Third and last, do you know of any other combination of anode/cathode that could work?

Thanks again for this info! And sorry to bother you with this questions!

In my 5th grade class I had the students use the carbon rods from the inside of "D Cell" Carbon Zinc Batteries. Note that you do Not want to use any of the other more modern batteries. The batteries can be 'disassembled' with a little needle-nosed pliers twisting. We used regular copper wire with its insulation striped off of it. In our gas generators we separated the Oxygen and Hydrogen producing poles on opposite sides off the containment vessel. (Glass cup.)

MaxM2 (author)EnriquePage2014-09-30

Thanks for your ideas!

The marker case would really help protect the electrodes in a backpack. Plus it would keep the batteries dry, like in a flashlight.
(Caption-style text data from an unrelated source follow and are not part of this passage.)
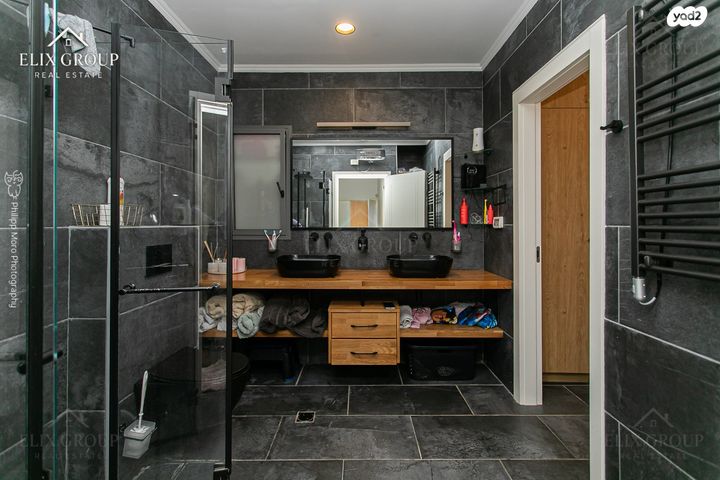 דו משפחתי, מעלה נוף, טירת כרמל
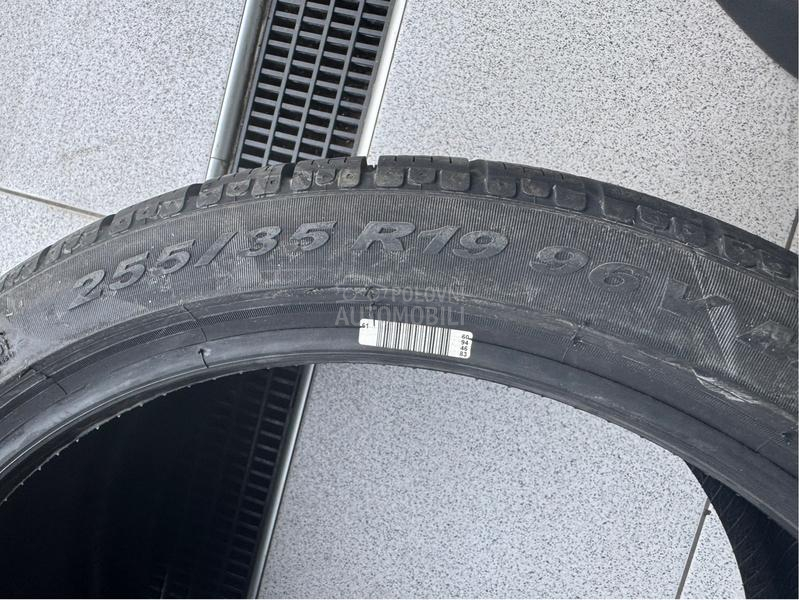 Pirelli 255/35 R19 Zimska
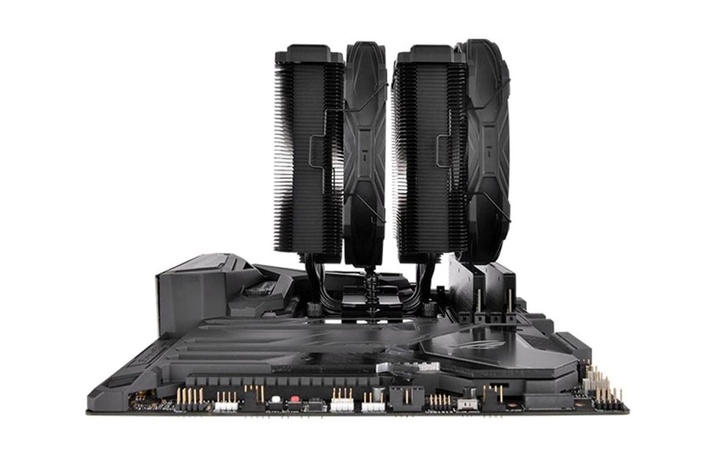 Thermaltake Dissipatore per CPU Toughair 710 Black Edition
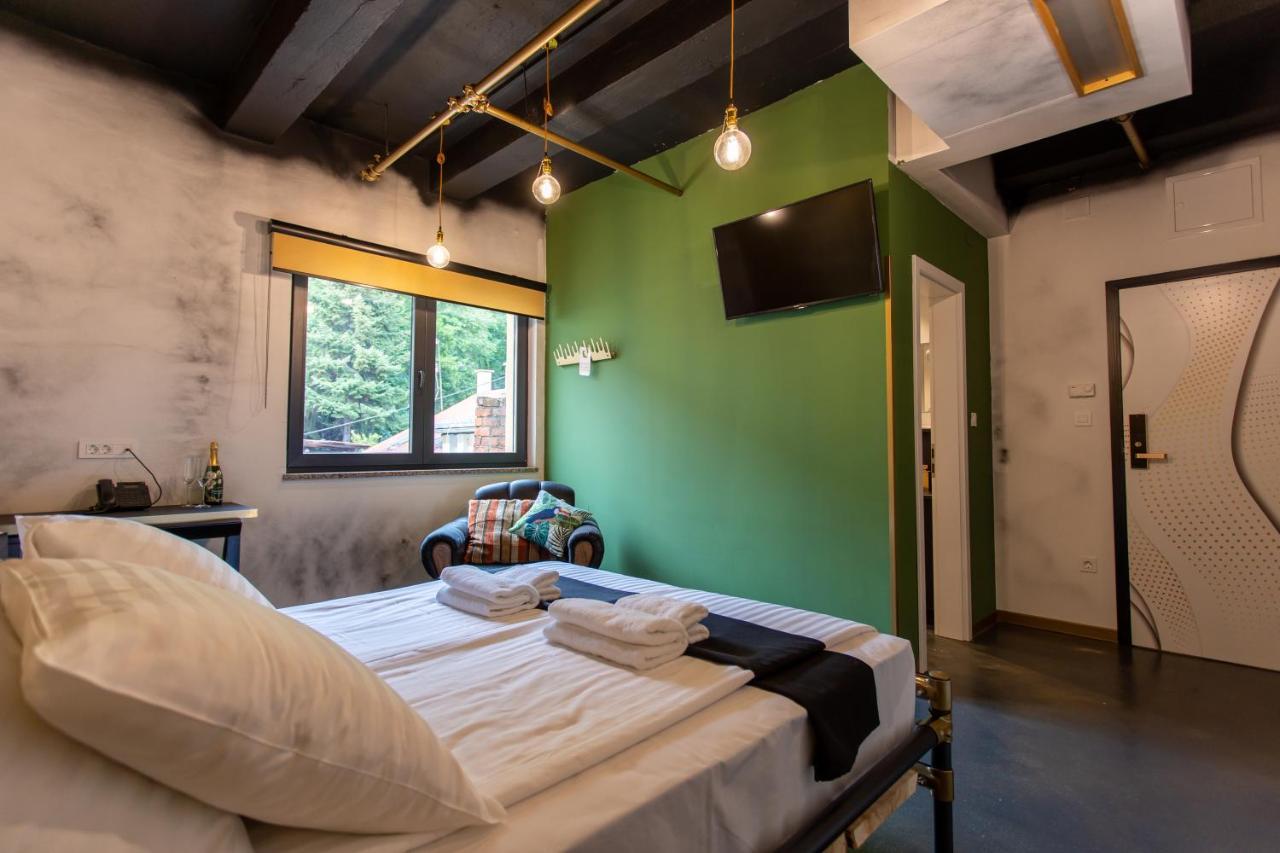 Deluxe Double or Twin Room with City View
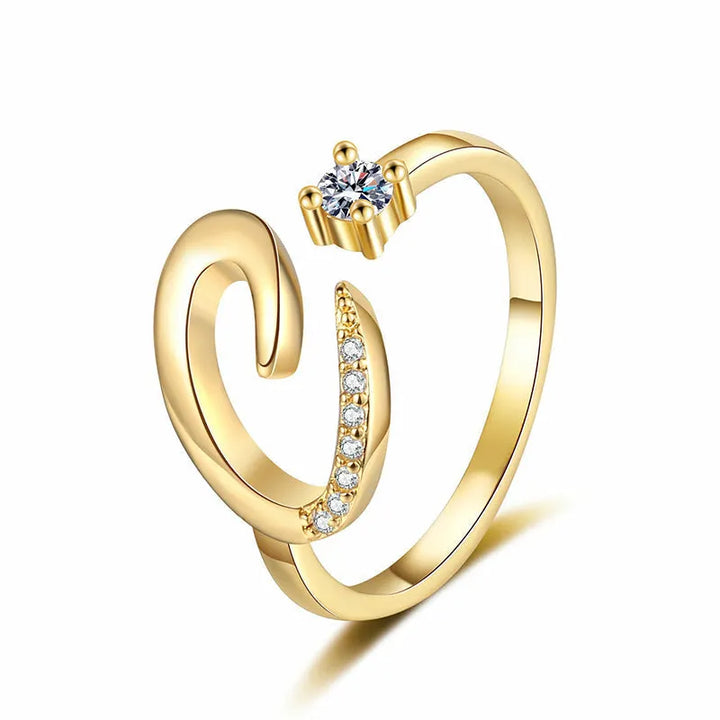 Lumévara™ — Bague cœur initiale élégance personnalisée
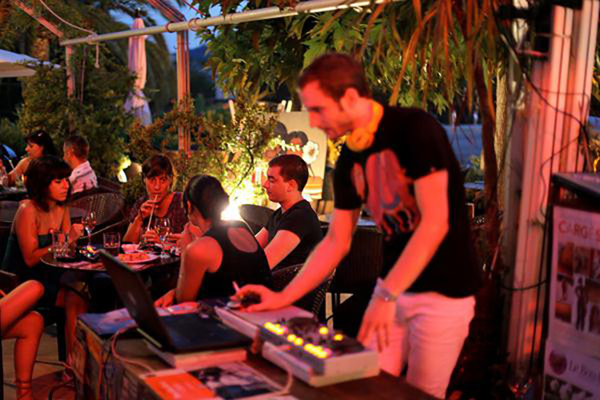 Le Bowling à Sagone Le Bowling à Sagone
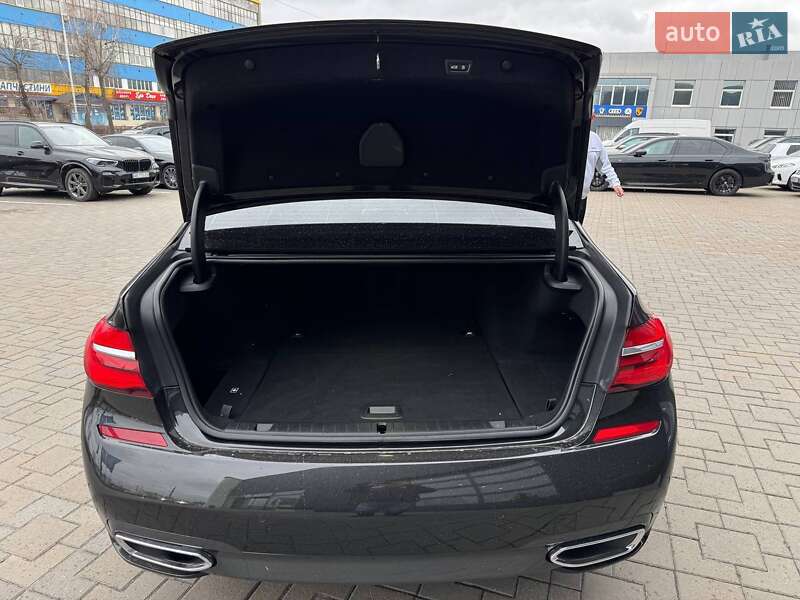 Седан BMW 7 Series 2017 в Виннице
It could also have a little compartment for keeping salt.

Yes, any form of power generation would be viable. I'd recommend 12V solar cells. Someone could sit nearby and periodically smell the water to see if enough chlorine has been produced. If it is going too slow, just wire up some more solar cells in parallel. That's what I would do if I had no access to clean water or electric power. I would also use the system for producing concentrated cleaning bleach for general sanitation.

Electrodes are a hard question. Wikipedia shows some "Standard Electrode Potentials" from which you can choose combinations that might work, but their table is hard to interpret. Industrial and research applications also use, instead of titanium: nickel, ruthenium oxide, and iridium oxide. Not too convenient! I might try aluminum foil or stainless steel. It will smell like a pool if it works.

remark1411 (author)2014-11-08

i love to do this on my science fair but what thing can i use instead of titanium wire plz tell me fast

pantalone (author)2014-10-01

Great instructable, very interesting! I always imagined the county water department buying bottles and bottles of chlorine bleach, but it makes more sense to add salt and make the bleach in situ. Many thanks for demystifying water purification!

Breygon (author)2014-09-30

this is great for bacterial contamination but don't forget potential organic / inorganic contamination. activated carbon will remove things like pesticides etc and an ion exchange resin will remove inorganics. a good test of water quality before / after you start treatment is a tds meter (total dissolved solids) these are quite cheep... or there is probably an instructables on his to make one. one water treatment method I've seen uses copper and nickel as a passive redox media, so there maybe potential for these materials as a cathode and anode. nice instructable I was looking at the product you based this on... hadn't realised it's no longer for sale.

wilgubeast (author)2014-09-30

I really enjoyed reading this. I accidentally learned some electrochemistry. And your main image is better than it appears on the homepage.

MaxM2 (author)wilgubeast2014-09-30

Thanks! I edited the main image a bit to improve the thumbnail. I hope it helped a little.

ehynes1 (author)2014-09-30

damn. This just Kobayashi Maru'd the whole survival water purification game.

seamster (author)2014-09-30

This is very interesting. Thank you for sharing this!